First, in additional analyses, we rely on financial satisfaction, based on the question: “All things considered, I am satisfied with my financial situation as a whole,” which is measured on the same 5-point scale as life satisfaction. Furthermore, we add redistribution preferences based on the statement: “The gap between the rich and the poor in our country should be reduced,” where 1 means strongly disagree, and 5 means strongly agree. The next outcome we consider is optimism, measured as “Children who are born now will have a better life than my generation,” where 1 means strongly disagree, and 5 means strongly agree. In addition, we include risk preferences based on the statement: “Please, rate your willingness to take risks, in general, on a scale from 1 to 10, where 1 means that you are not willing to take risks at all, and 10 and means that you are very much willing to take risks.” Finally, we add interpersonal trust based on the statement: “Generally speaking, would you say that most people can be trusted, or that you can’t be too careful in dealing with people? Please answer on a scale of 1 to 5, where 1 means that you have complete distrust and 5 means that you have complete trust.”

In additional analyses, we also rely on preferences for democracy elicited using the question: “With which one of the following statements do you agree most?” with possible answers being “Democracy is preferable to any other form of political system,” “Under some circumstances, an authoritarian government may be preferable to a democratic one” and “For people like me, it does not matter whether a government is democratic or authoritarian.” Finally, we utilize a measure of preferences for a market economy based on the question: “With which one of the following statements do you agree most” with possible answers being “A market economy is preferable to any other form of economic system,” “Under some circumstances, a planned economy may be preferable to a market economy,” and “For people like me, it does not matter whether the economic system is organised as a market economy or as a planned economy.”

To facilitate the comparisons between the results across the different dependent variables, some of which are measured on a different scale and have different distributions, we transform all dependent variables to have a mean of 5 and a standard deviation of 1.

Our two key independent variables are Communist party membership and informant status. The Communist party membership variable is based on a survey question “Were you or any member of your family a member of the Communist party prior to 1989/1991?” In the CEE region, this question was asked about 1989, and in the FSU (including the Baltics), the question referred to 1991. Possible answers include the Communist party membership of the respondent himself/herself, their parents, other family members, nobody, or don’t know/refusal, which we code accordingly. For the baseline model, we aggregate those answers to create the dummy variable “Communist party membership” that equals one if a respondent or any family member was a Communist party member and zero otherwise.

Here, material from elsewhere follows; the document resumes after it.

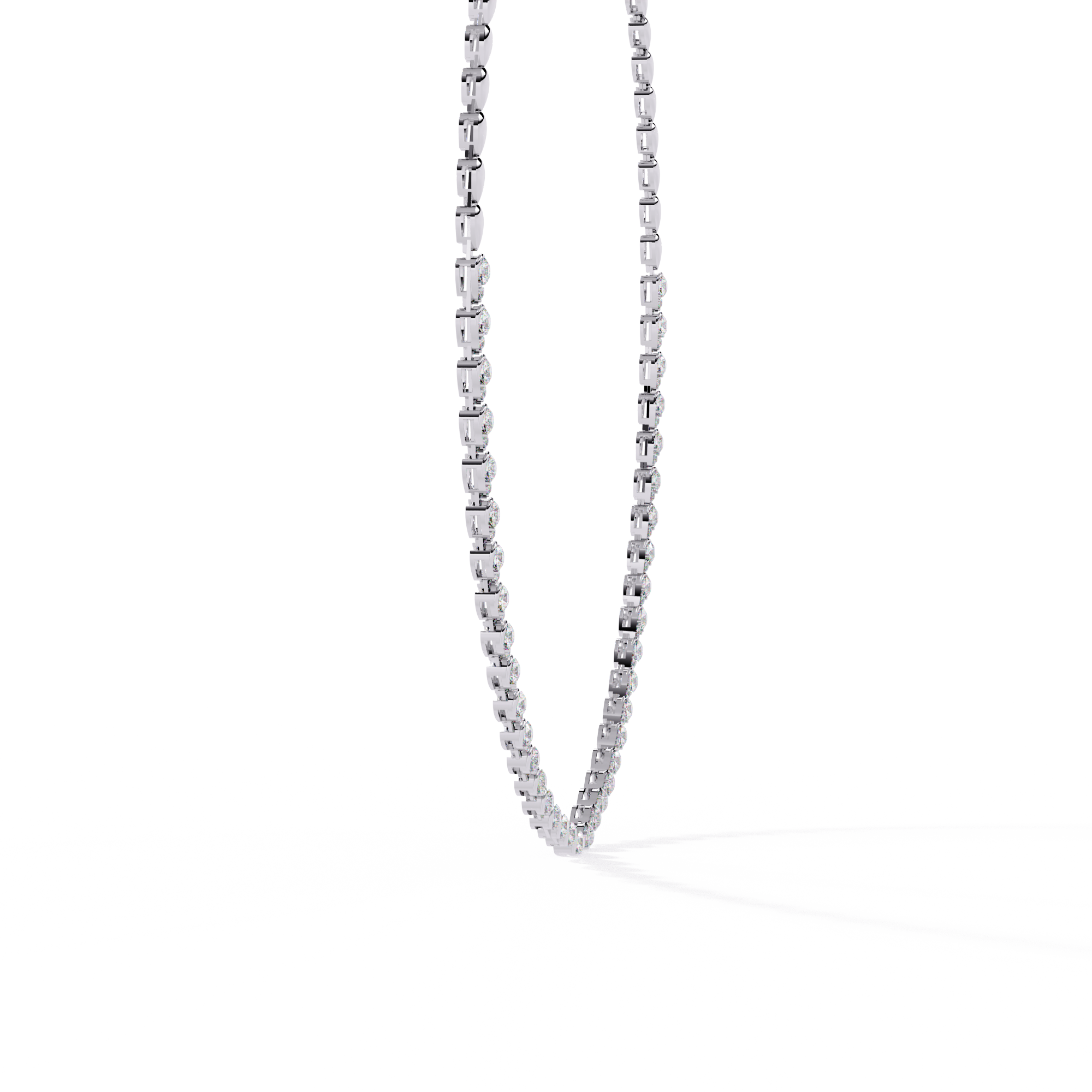 Round Diamond To Pear Shape Tennis Diamond Necklace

In additional specifications, we also use information about the Communist party membership of the respondent, their parents, and other family members.

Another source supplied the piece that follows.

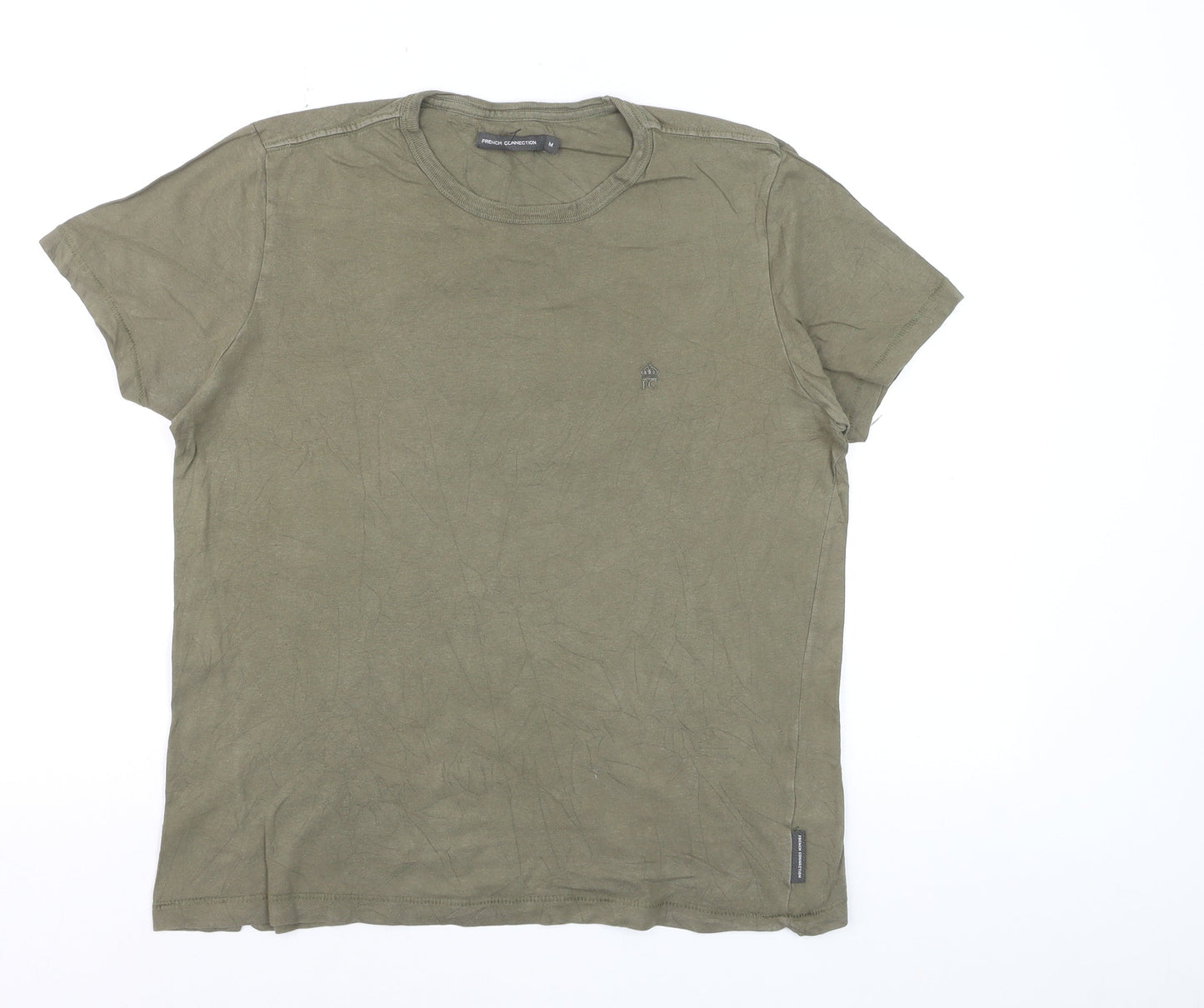 French Connection Men's Green M Crew Neck Cotton T-Shirt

The informant variable is based on the survey question, “While living under the pre-1989/91 government in your country, did you or any member of your family experience pressure to serve as an informant to the secret service?” The answers include the respondent, their immediate family, grandparents, other relatives, and don’t know/refusal. We define the variable “Informant,” which equals 0 if none in the respondent’s family served as a secret service informant, 1 if the respondent or any of their relatives served as an informant, 2 if the respondent refused to answer the question, and 3 if the respondent reported not knowing about such affiliation with the former regime. Given the small share of respondents reporting affiliations with informants (Tables 2 and 3), it is impossible to distinguish in the empirical analyses between respondents who themselves served as informants and those who had family members with that task. Furthermore, unfortunately, we cannot distinguish between voluntary informants (i.e., those who signed up to help the secret police) vs. those who were pressured to do so. The wording of our question is such that we potentially only capture those who were forced, i.e., pressured to collaborate with the secret police. Including don’t know answers and refusals to the question about informant collaborations in the regression analyses partially helps mitigate this issue.

Specifically, for both the informant and Communist party affiliation variables, we include the don’t know and refusal responses in the analyses. Given these questions’ sensitive nature, respondents who had affiliations to collaborators of the former regimes may refuse to provide an answer or claim that they do not know (Shoemaker et al., 2002). Therefore, these answer categories likely have informational value in this context.

Furthermore, our analysis includes individual and geographic controls frequently used in the literature (Ivlevs et al., 2021; Mavisakalyan et al., 2021; Nikolova et al., 2022). Specifically, the individual characteristics include age and its square, a dummy variable for being employed, a dummy for being married, gender, education, log of net household income in PPP, a wealth index summing the ownership of different durable goods, ethnicity dummies, religious denomination, household size, the number of children, a dummy for whether the respondent lives in the capital city, urban/rural dummy, latitude, longitude, and elevation. LiTS respondents report income in local currency units. To create a comparable household income measure for each country, we use the World Bank PPP conversion factors for private consumption and convert the local currency units into international dollars.

In separate regressions, we also include variables from the LiTS capturing elite and human capital status, namely, the number of books the respondent had in the childhood home, mother and father’s education, and parental occupation.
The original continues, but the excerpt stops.